Sunday, June 26, 2011

Varick St. and the Unhelpful New Arterial . . .

The OD is abuzz about Varick Street.
“In Varick Street, they have a tiger by the tail,” said Fire Chief Russell Brooks, who is involved with the nearby construction of the new Irish cultural center. “The city has an opportunity currently it has not been involved in for decades.”
The $2 million cultural center – funded from proceeds of the Great American Irish Festival – will include an Irish pub, kitchen, meeting rooms and office space.
No doubt, Varick St. is where things are happening in Utica ... and the construction of the long-awaited Irish Cultural Center is the BEST thing to happen to the neighborhood in a long time.  But a problem looms on the horizon that local officials -- and the newspaper, apparently -- are obviously blind to . . .
The center isn’t the only change to the area. The state Department of Transportation’s mammoth North/South Arterial project will include razing some houses and buildings on the Varick Street side and realigning the roadway, said Brian Hoffmann, DOT project manager.
This is more than a mere taking of houses and realignment. The razing of a couple of architecturally interesting structures a stone's throw from the Irish Cultural Center, the shifting of the alignment of the Arterial toward the Center, and then the replacing of the current bridge pylons with a retaining wall to hold up the Arterial will do exactly what for the aesthetics around the Center?  Making the opening in the wall for Columbia St. an arch, and making the facing on the wall look like blocks from the old Chenango Canal is merely putting lipstick on the pig.  It does not change the fact that a WALL is being erected across the neighborhood fabric, effectively limiting any positive impact of the Cultural Center for redevelopment to the east along Columbia St.  
The new bridge will include an exit ramp at Court Street, similar to the one at Commercial Drive and Route 840 in New Hartford, finally providing direct access to Varick Street from the northbound Arterial lane.
This is inaccurate. There will be no direct access to Varick St. from the northbound Arterial ramp.  Rather, the access will be to westbound Court Street -- a small improvement over what can be done now by making a right onto Warren, left onto Lincoln and left onto Court. This improvement will be more than offset by other disruptions to existing traffic patterns.
Officials say that infrastructure was vital to New Hartford developments as Consumer Square and The Orchard.
“This time, that development will hopefully take place within the city,” said Stephen Zywiak, DOT regional design engineer.
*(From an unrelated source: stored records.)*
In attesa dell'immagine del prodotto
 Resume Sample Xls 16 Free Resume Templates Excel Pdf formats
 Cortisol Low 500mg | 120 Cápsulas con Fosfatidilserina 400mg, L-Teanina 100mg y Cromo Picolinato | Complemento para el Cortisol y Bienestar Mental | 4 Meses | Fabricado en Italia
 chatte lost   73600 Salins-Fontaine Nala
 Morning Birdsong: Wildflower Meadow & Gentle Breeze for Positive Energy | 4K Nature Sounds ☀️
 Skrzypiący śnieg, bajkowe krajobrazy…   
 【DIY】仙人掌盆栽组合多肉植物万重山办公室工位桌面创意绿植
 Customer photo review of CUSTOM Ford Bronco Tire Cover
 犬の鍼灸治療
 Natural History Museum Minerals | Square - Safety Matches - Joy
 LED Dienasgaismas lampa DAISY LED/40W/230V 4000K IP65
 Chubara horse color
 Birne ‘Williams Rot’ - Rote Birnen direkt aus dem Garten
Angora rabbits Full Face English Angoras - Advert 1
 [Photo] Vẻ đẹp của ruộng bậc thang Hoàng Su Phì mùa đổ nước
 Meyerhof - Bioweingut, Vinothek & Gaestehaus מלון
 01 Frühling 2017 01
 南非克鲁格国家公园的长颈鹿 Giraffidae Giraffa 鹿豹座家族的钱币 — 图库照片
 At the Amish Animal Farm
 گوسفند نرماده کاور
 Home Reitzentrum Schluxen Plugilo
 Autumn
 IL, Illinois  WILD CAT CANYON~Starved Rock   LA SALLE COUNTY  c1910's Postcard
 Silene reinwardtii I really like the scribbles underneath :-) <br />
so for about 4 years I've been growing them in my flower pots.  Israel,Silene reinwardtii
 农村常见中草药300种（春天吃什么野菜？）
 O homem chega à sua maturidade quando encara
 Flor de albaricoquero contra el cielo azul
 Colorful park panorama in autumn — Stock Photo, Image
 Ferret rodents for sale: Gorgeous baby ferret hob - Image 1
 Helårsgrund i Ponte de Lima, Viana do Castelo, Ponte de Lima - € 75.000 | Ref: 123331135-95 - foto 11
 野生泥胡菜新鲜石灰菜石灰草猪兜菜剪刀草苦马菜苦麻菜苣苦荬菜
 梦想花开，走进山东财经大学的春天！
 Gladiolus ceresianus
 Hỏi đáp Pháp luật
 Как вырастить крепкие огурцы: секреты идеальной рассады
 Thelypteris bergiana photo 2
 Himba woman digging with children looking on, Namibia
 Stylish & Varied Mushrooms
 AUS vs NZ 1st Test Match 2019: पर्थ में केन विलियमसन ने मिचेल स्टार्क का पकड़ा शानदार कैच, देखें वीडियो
While it is true that the Rt. 840/Commercial Drive interchange was vital to New Hartford development, suggesting that a similar interchange will spur development in Utica is wishful thinking.  Interchanges spur development where there are large areas (acres and acres) of contiguous undeveloped/semi-developed properties, with the developments being large-scale and auto-oriented -- like in New Hartford. Utica is different. Its lots are small and its infrastructure is already pedestrian oriented.   

History proves that interchanges in Utica lead to neighborhood decline -- like what happened at Baggs Square and at Oriskany Circle (where Oriskany St. now passes under the Arterial) Decline occurs because the neighborhood's fabric becomes disrupted and no longer functions. Streets become cut off and people are forced to walk in unpleasant, auto-dominated environments . . . like this: 

View Larger Map
Businesses leave and do not come back. City tax-base becomes reduced resulting in increased tax rates and more departures. 

Utica's small lots and pedestrian-orientated, in-place infrastructure could provide ideal places for small start-ups or mom-and-pop businesses -- in short supply in the suburbs -- if the infrastructure's original functioning could be restored and preserved. There would be no need to artificially create business incubators at taxpayer expense in fancy industrial parks when the entire city could act as an incubator.  

State officials, City officials and local media need to realize that Utica cannot and should not be remade to meet some surburban ideal.  Utica has a different niche.  The sooner that niche is recognized, the sooner a real renaissance may begin.


Anonymous said...

Very well put, Strike!

Anonymous said...

As usual, your insightful comments are on the mark - I don't see how an interchange equivalent to the 840/commercial drive adds any value to the urban landscape. It is in fact the suburbanization of Utica, a detraction to the environment and totally out of character with the scale of the city.

The arterial project's demolition of the Fay Street warehouse and subsequent realignment of the arterial strip the immediate area of its architectural interest. In my humble opinion a better project is to keep the arterial at grade in its current alignment, slow traffic so travelers have time to observe their surroundings and and add traffic controls for left turns. In concept, make it it a boulevard, revitalize the warehouse by installing the Irish center on the ground floor and apartments on the upper level.

RPP said...

The above "boulevard" concept is the most interesting I've heard for quite awhile. It represents the kind of thinking the area needs since it fits reality.